Government to expand radiation-hardened microelectronics program with Boeing

Jan. 7, 2010
FORT BELVOIR, Va., 7 Jan. 2010. Experts in radiation-hardened electronics at The Boeing Co. in Seattle are adding five years and $30 million to a U.S. government program to research radiation-hardened complex microelectronics and photonics devices for commercial avionics and other aerospace and defense applications.

Posted by John Keller

FORT BELVOIR, Va., 7 Jan. 2010. Experts in Radiation hardened electronics at The Boeing Co. in Seattle are adding five years and $30 million to a U.S. government program to research radiation-hardened complex microelectronics and photonics devices for commercial avionics and other aerospace and defense applications.

The U.S. Defense Threat Reduction Agency (DTRA) at Fort Belvoir, Va., is adding a five-year option and raising the cost ceiling from $60 million to $90 million for the DTRA Radiation Hardened Microelectronics (RHM) Program, which DTRA launched with Boeing in 2004 to produce electronic devices able to withstand exposure to radiation.

Boeing's rad-hard work for DTRA involves advanced electronics and photonics devices at sub-micron architecture scales of 90, 65, 45, and 32 nanometers that are able to resist the effects of space radiation and nuclear weapons.
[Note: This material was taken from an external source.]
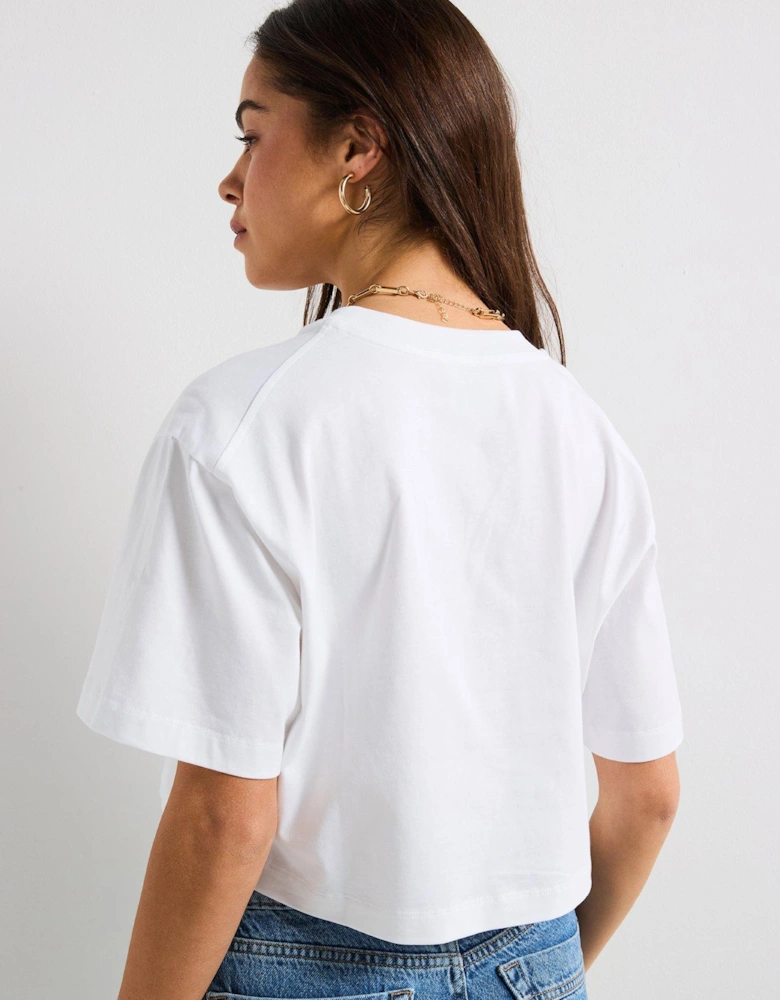 Cropped T-Shirt - White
Microelectronics devices that Boeing is researching may achieve sub-micron geometries and be able to resist the effects of a radiation dosage of as much as 2 megarads.

Boeing experts will continue rad-hard research work in three primary areas:

-- develop electronic design automation (EDA) and technology computer aided design (TCAD) technology to radiation harden complex microelectronics and photonics devices;

-- model and simulate the radiation response of microelectronic and photonic technologies; and

-- design prototype radiation-hardened digital, analog, and mixed signal integrated circuits, system-on-chip (SOC) devices, and system-in-package (SIP) developed with EDA and TCAD technology.

The DTRA RHM program includes the Boeing Radiation Hardening-by-Design (RHBD) program to develop 90-nanometer rad-hard integrated circuits -- such as a general-purpose microprocessor, static random access memories (SRAMS), phase-locked loop (PLL) devices, and serializer/deserializer (SERDES) devices -- able to withstand a total ionizing radiation dose of more than 2 megarads, and to extend this technology to smaller IC geometries of 65, 45, and 32 nanometers.